Records for the exercise:
»»

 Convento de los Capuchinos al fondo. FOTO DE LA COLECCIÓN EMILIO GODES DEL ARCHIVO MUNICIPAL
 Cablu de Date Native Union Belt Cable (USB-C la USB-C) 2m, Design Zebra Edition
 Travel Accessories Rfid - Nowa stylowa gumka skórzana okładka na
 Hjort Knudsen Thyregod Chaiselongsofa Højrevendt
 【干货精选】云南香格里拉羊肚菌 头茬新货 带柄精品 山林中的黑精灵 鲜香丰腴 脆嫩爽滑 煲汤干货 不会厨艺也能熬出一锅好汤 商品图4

««
»»

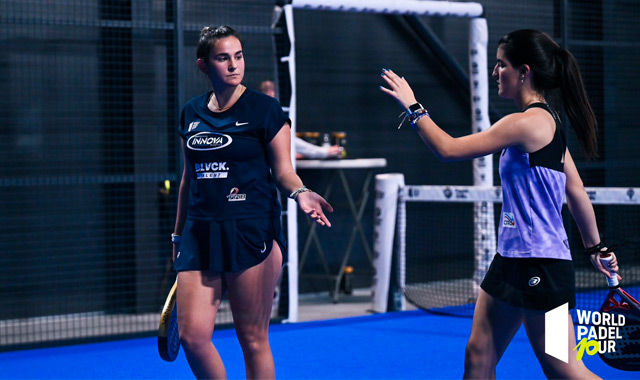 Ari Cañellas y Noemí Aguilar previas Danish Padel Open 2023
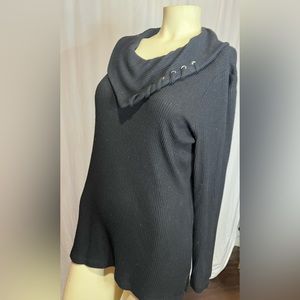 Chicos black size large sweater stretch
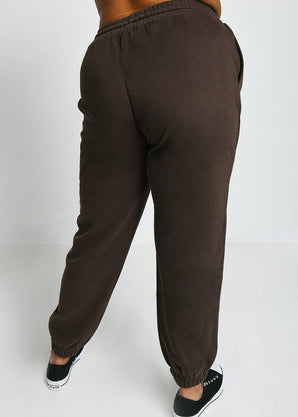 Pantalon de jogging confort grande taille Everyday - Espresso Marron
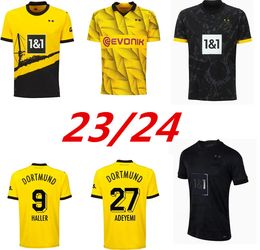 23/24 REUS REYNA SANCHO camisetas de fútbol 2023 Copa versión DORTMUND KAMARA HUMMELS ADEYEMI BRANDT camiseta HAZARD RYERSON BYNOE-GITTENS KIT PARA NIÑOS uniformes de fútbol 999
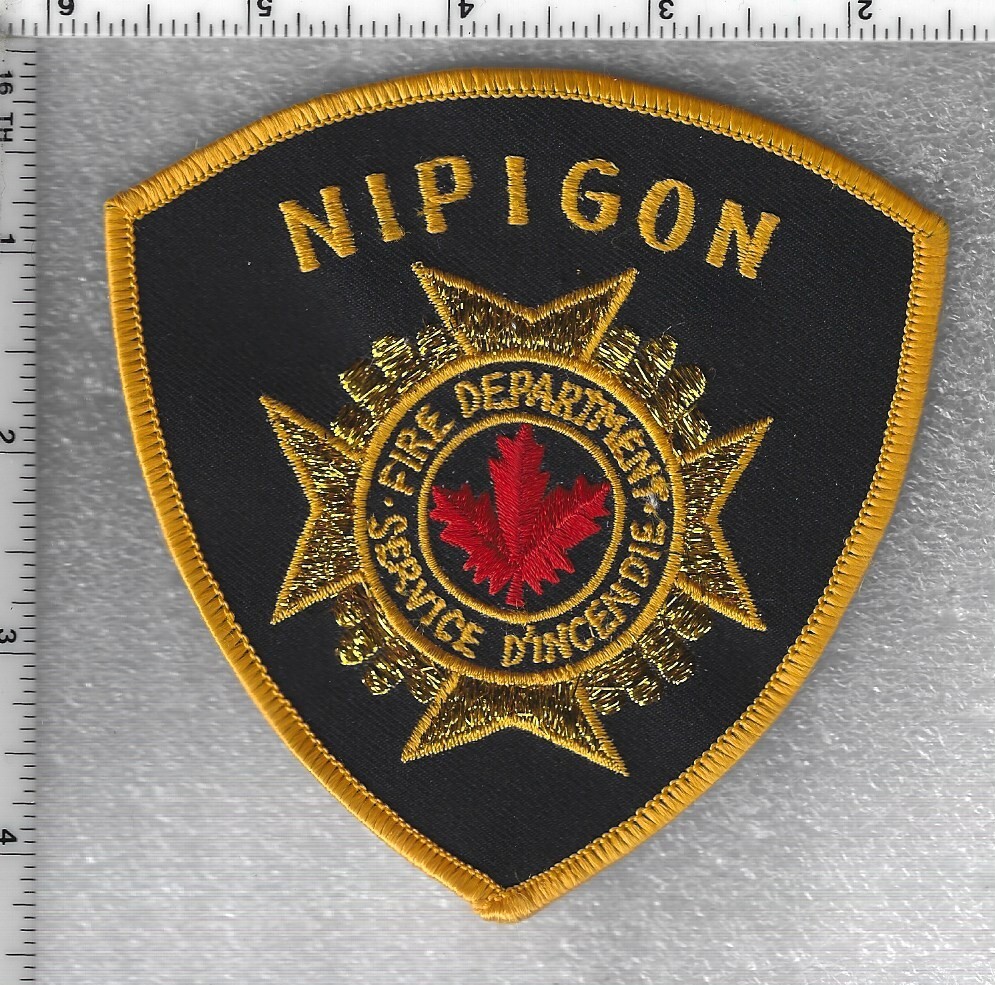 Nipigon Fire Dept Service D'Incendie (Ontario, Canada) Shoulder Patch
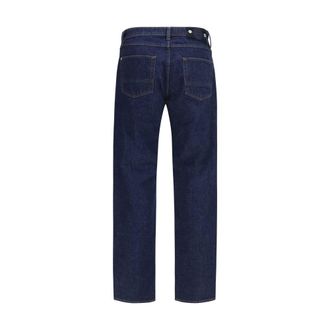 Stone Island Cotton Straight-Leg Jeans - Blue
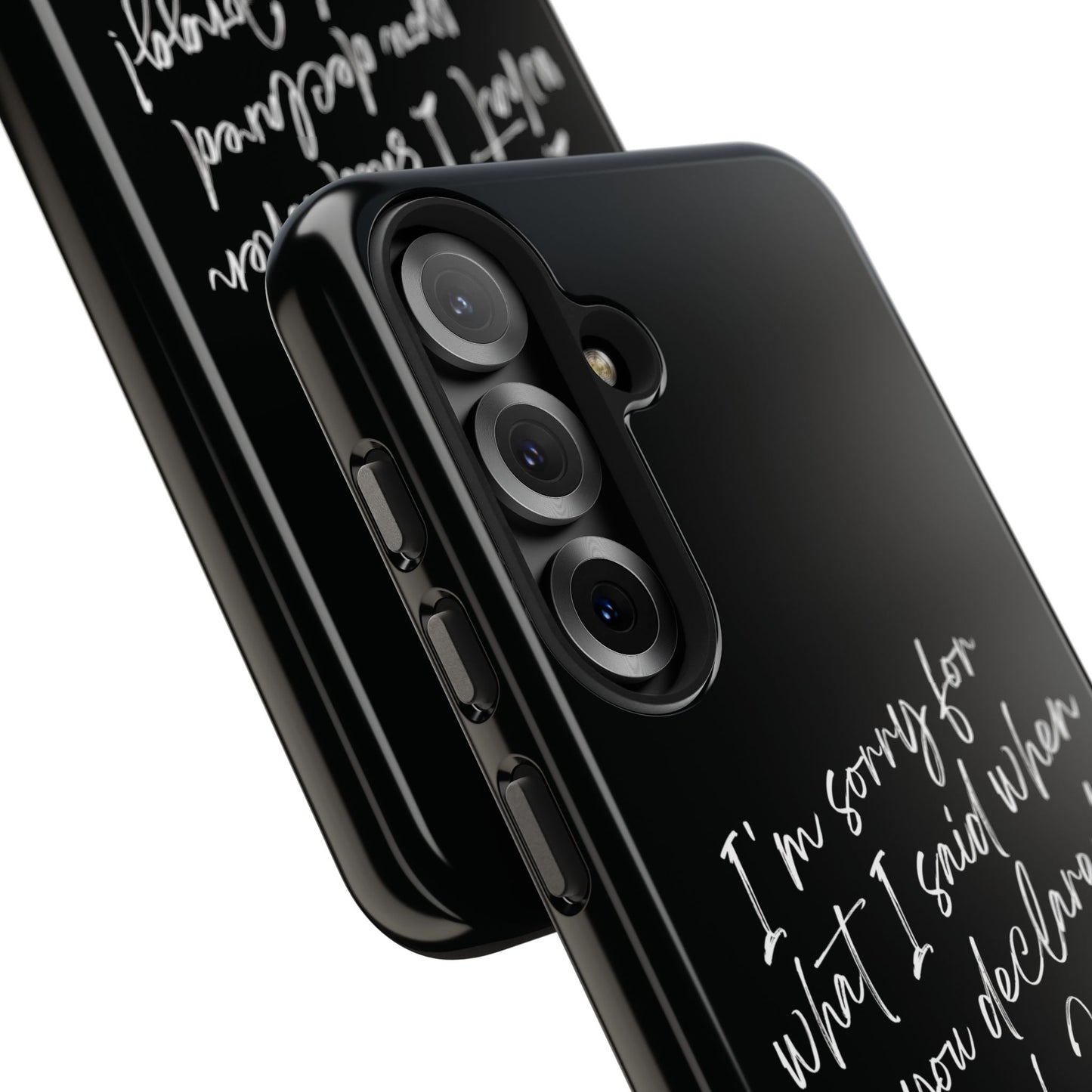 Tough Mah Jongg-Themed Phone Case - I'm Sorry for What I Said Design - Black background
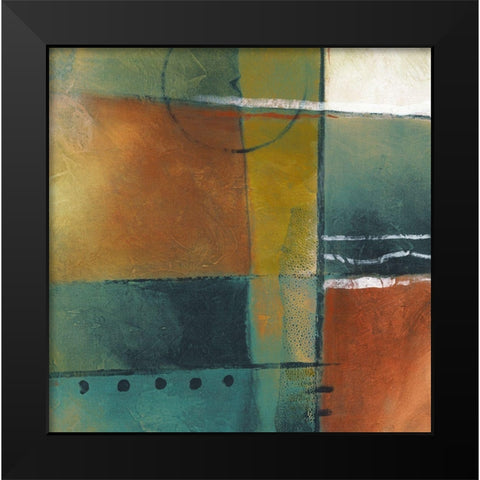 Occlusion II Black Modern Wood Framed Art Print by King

««
»»

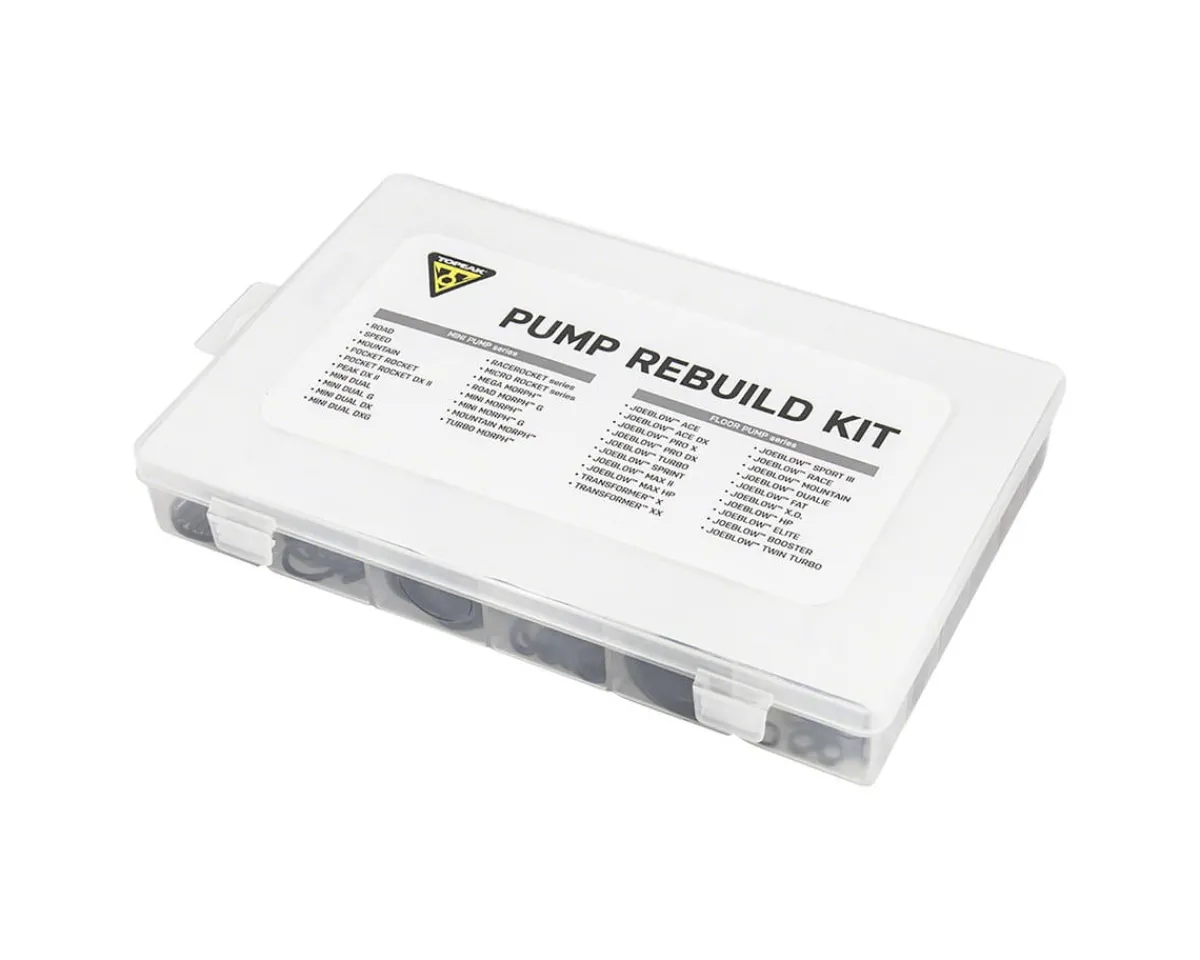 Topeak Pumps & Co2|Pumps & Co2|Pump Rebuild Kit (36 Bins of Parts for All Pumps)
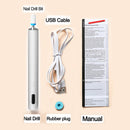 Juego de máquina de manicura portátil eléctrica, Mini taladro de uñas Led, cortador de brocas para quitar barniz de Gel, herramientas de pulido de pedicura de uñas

««

Exactly the lines above, from the one containing "Nipigon Fire Dept" down to the one containing "Occlusion II Black", are to be repeated, including both ends. Pictures are not part of the copy.

Response below:
 Nipigon Fire Dept Service D'Incendie (Ontario, Canada) Shoulder Patch
 Stone Island Cotton Straight-Leg Jeans - Blue
 Tough Mah Jongg-Themed Phone Case - I'm Sorry for What I Said Design - Black background
 Occlusion II Black Modern Wood Framed Art Print by King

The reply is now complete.